Working data:
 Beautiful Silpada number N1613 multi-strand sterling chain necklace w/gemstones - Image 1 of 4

--

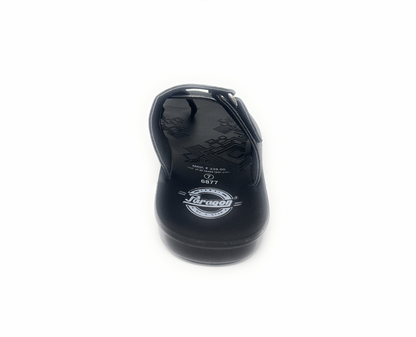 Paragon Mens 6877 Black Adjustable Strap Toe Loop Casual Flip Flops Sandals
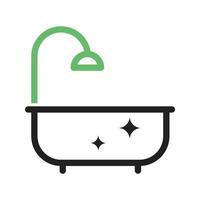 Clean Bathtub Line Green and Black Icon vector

---

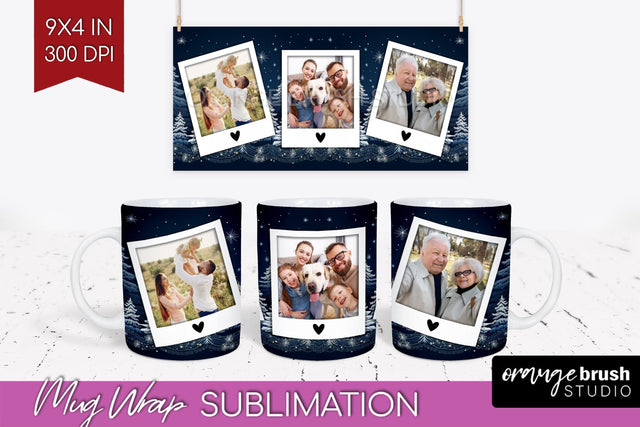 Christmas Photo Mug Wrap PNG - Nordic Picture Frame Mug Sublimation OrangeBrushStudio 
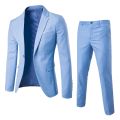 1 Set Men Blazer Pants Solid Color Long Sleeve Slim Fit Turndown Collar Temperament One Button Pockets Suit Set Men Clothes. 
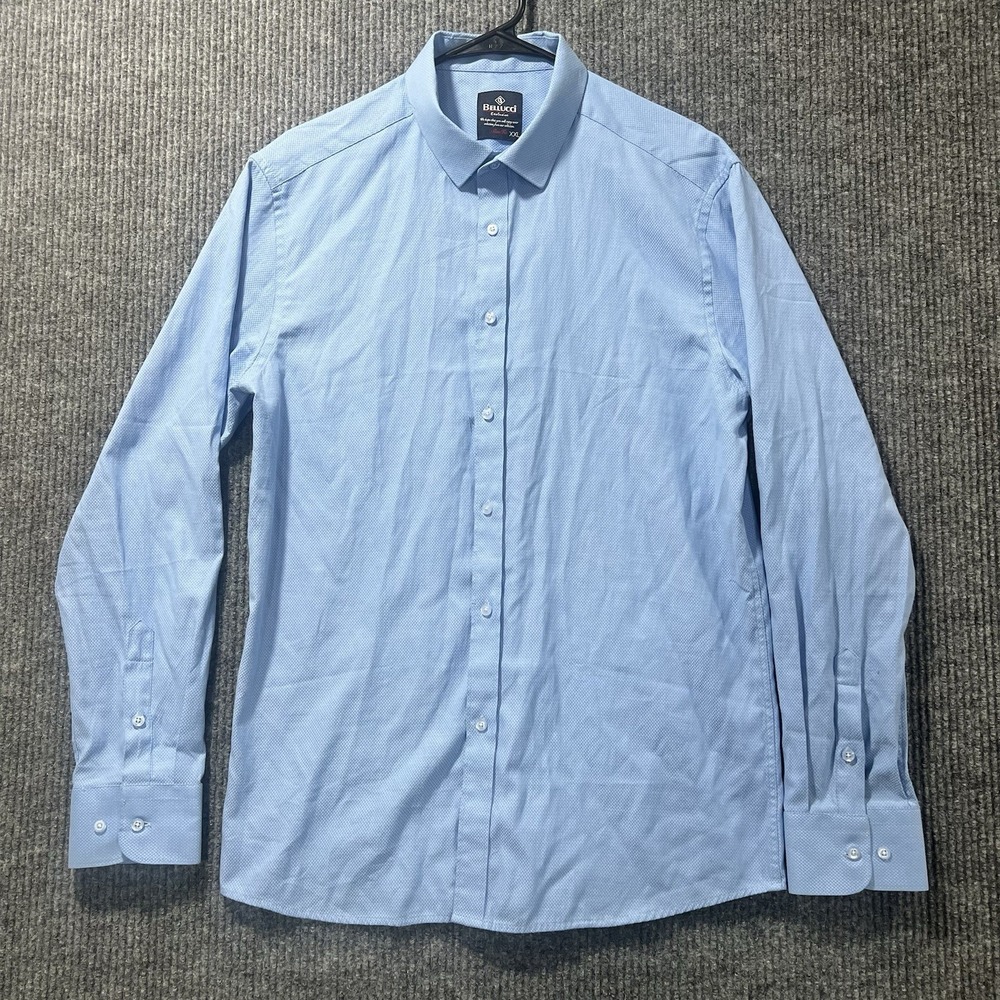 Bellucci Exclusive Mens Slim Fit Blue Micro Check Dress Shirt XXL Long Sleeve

Problem to work on: Looking at the listing above, which lines run from the one containing "1 Set Men Blazer" through the one containing "Bellucci Exclusive Mens"? Print exactly those, ends included, pictures excluded.

Worked solution:
 1 Set Men Blazer Pants Solid Color Long Sleeve Slim Fit Turndown Collar Temperament One Button Pockets Suit Set Men Clothes. 
 Bellucci Exclusive Mens Slim Fit Blue Micro Check Dress Shirt XXL Long Sleeve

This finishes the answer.